# Weekly Photo Challenge #51 for Week of 7/3/16



## wvdawg (Jul 2, 2016)

This week's theme is - *"starts with F"* - and the interpretation is up to you. The Rules:

#1- Photos will be in compliance with the rules of this forum.

#2- This is NOT a competition. The sole intent of this challenge is fun and friendship.

#3- There are no "image quality" standards or requirements. Shots taken with cell phones, iPads, point & shoots, etc. are just as welcome as those taken with DSLRs and top of the line gear. This challenge is about participation and enjoying photography.

#4- Submitted photos will be new pics taken just for this week's challenge. The intent is to get out there and have fun with photography, not to show off stuff you’ve already taken. 

#5- Please submit only one photo per week in the challenge thread that shows your interpretation of this week's theme. Be creative! (You may start your own thread for sharing of your other shots.) 

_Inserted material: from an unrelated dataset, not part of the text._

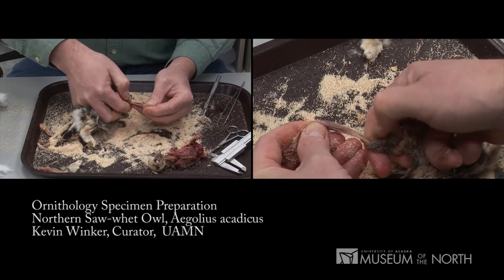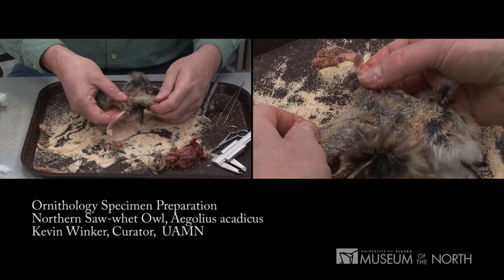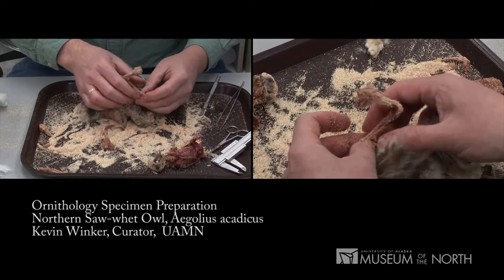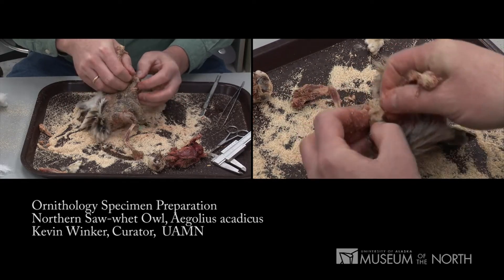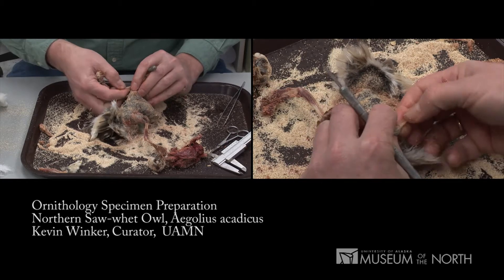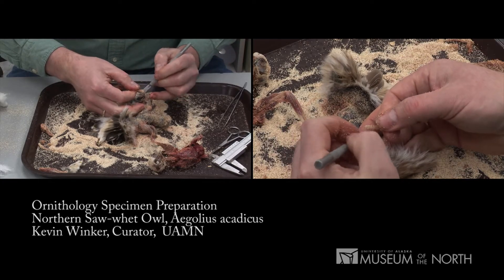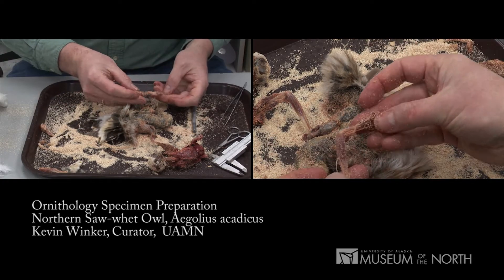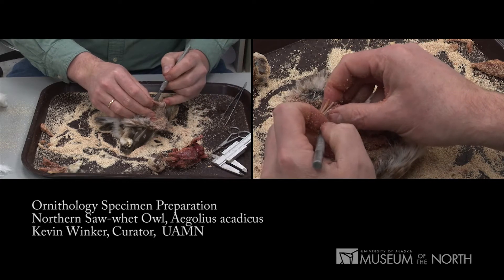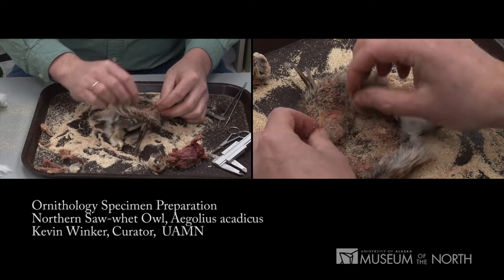Pushing away those secondaries from the ulna is critical, or it'll rip the wing skin. As with the legs, I'm going to make a decision on which wing bones to keep with the partial skeleton and which to keep with the skin. Because both wings are whole, that's an easy decision. I'm going to disarticulate the right wing at the wrist, which will give us a complete radius and a complete ulna for the partial skeleton. I don't need that radius and ulna from the left wing for the skeleton, and their presence will give us a wing that's fully comparable to historic museum specimens.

#6- Challenge yourself to be a participant of each week's challenge, but feel free to jump in at any point.

#7- HAVE FUN!


----------



## LOVEMYLABXS (Jul 3, 2016)

Fantastic choice so here's one of my Favorite Fine Feathered Friends with the Flash


----------



## wvdawg (Jul 4, 2016)

Fantastic!


----------



## karen936 (Jul 4, 2016)

Freedom


----------



## wvdawg (Jul 5, 2016)

Awesome capture Karen!  Long may she wave!


----------



## wvdawg (Jul 5, 2016)

*Neighborhood Fireworks*

Took this shot looking through the trees behind the neighbor's house across the street.  Lots of fireworks in that subdivision!


----------



## carver (Jul 9, 2016)

Great shots everyone,I went to a parade in the mountains over the fourth.
Firetruck


----------



## wvdawg (Jul 9, 2016)

What a neat old firetruck!  Nice shot Jerry!


----------



## carver (Jul 9, 2016)

Thanks Dennis,hope Y'all are well


----------



## Batgirl (Jul 11, 2016)

Sorry that I am late posting, I took this last week.  

Flight


----------